Former CEO JJ Wilson gets candid about the internal disfunction at Kit and Ace.
Wilson has been forthcoming on Kit and Ace’s missteps in a PR push aimed to both raise his profile and build momentum for the debut of his new clothing brand arriving this fall.
VANCOUVER — Since the abrupt mass closing of Kit and Ace’s entire retail footprint outside of its home base of Canada — 36 stores in the US, UK, and Australia, amounting to 80% of its retail arm — candid thoughts from Kit and Ace leadership have been few and far between.
No surprise there. Co-founder JJ Wilson, however, recently changed that. You’ll recall that JJ Wilson, who started the brand in 2014 with his step mother Shannon, was relieved of his executive role in the fall of 2016 when his father, Lululemon founder Chip Wilson, took the reins — one of the first signs that Kit and Ace was in trouble.
JJ has been forthcoming on Kit and Ace’s missteps in a PR push aimed to both raise his profile and build momentum for the debut of his new clothing brand arriving this fall.

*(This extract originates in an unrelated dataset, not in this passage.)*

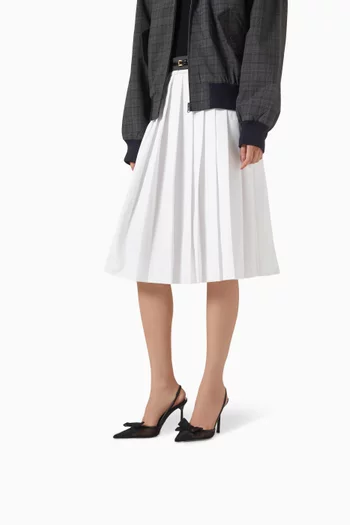 حذاء كلاسيك بسير خلفي بكعب 100 مم قماش شبكي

His comments on the turmoil offer some clarity:
“There were just too many big people in the business, and it was creating too much confusion.”
“There wasn’t one strong voice or one strong opinion about how the company should be run.”
“There are tons of things that I would have done differently,” [he] said.
“We had a fear that, because of who we were as a family and what we had accomplished with Lululemon, that if we didn’t move quickly, and build a brand fast enough, people would copy us.”
He now believes that a strategy with fewer stores can be more productive than one with many stores and that exclusivity can be an asset because those who love the brand will seek it out.
“There’s a right kind of growth, and we didn’t do a good job at proving the concept [of Kit and Ace],” he said.
“Where we failed is that we didn’t allow the brand to build enough brand equity or a consumer profile.”